Question: How does long reads help in the repeated regions of the genome
0
7 days ago by
Ashi10
United States
Ashi10 wrote:

Hi,

I am doing some work with long reads and I have read in many review papers what are advantages and disadvantages of long reads over short reads. One of the most important advantage of Long reads that I have come across is that they help in the assembly of the highly repeated regions whereas short reads fail to do that.

Is there any example or an article which will help me to understand (basically visualize) how long reads are helping in these repeated regions?

Thank you so much for all the help.

modified 6 days ago by Jorge Amigo12k • written 7 days ago by Ashi10
4
7 days ago by
Mensur Dlakic6.5k
USA
Mensur Dlakic6.5k wrote:

When individual reads are shorter than the repeats, and especially when repeats are highly similar, it is not possible to unambiguously map the reads onto genome. That means it is not possible to unambiguously determine the number of repeats.

You can do this as an exercise: make a schematic representation of 5 repeats, and place 50 random reads shorter than repeats across that region. Let's say that this results in 8x coverage. If you did that exercise for a non-repetitive region, you'd be able to reconstruct the whole sequence without much problem. The problem with repeats is that read #1 may be from repeat #1, but you'll be able to map it to any of the 5 repeats if they are similar enough. Even reads that span two repeats will map to more than one part of the genome, again assuming that reads and their intervening sequences are similar enough. This will usually lead to the shrinkage of the repetitive region, and we will end up with fewer than 5 repeats.

The problem is not limited to individual genomic regions. If there are repeats in two physically separate parts of the genome, the assembler will entangle them when resolving the graph nodes. That will lead to the collapse of both contigs, and the repeats may be assigned to either of them or even end up in a separate contig. That's illustrated below: red and cyan are different contigs that share a repeated part in the middle.

Google `contig collapse repeat` and there should plenty of material that will hopefully explain it to your liking.

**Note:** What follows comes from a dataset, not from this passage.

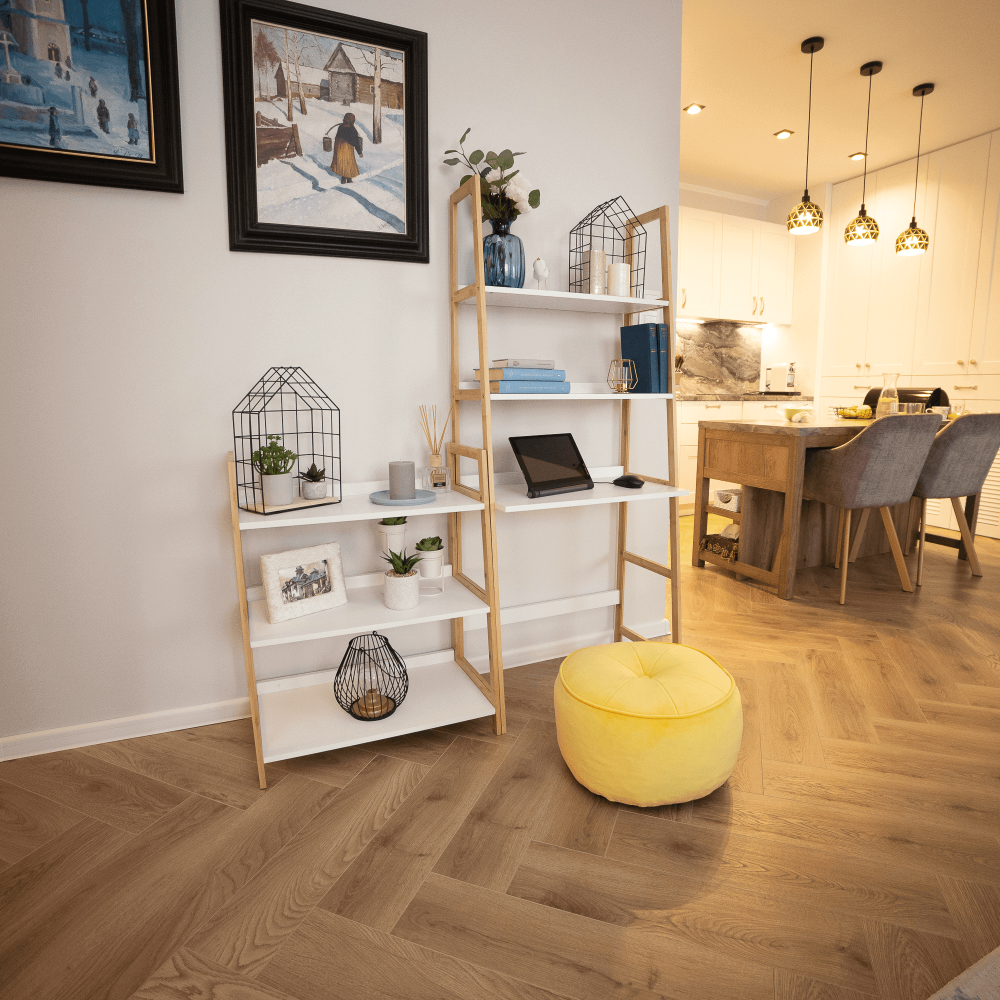 Etajeră multifuncţională cu 3 rafturi, alb/natural, KOEN TYP 4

Long reads overcome this problem if they are long enough to go through the whole repeated regions. If a long read starts in a unique part of the genome, goes through the repeat and ends up also in another unique part, there is nothing ambiguous in how that read can be overlapped with others because the whole repeated region is contained within that long read. Even when long reads can't go through the whole repeated region, they are usually better in resolving repeats as long as they catch several repeats that may have one or two unique mutations. That greatly reduces the number of possibilities during the long-read overlap compared to short reads.

Thank you for the explanation. It is really helpful.

2
6 days ago by
Jorge Amigo12k
Santiago de Compostela, Spain
Jorge Amigo12k wrote:

In short, long reads are more capable of containing the entire repeated region, therefore it can be read as a whole instead of being reconstructed by trying to map short reads without enough anchoring points at both sides of the problematic region.

Short reads coming from a repeated region will map with equal probability in several places of that region, therefore the mapping quality of those reads will be 0 and they won't be considered in any downstream analysis.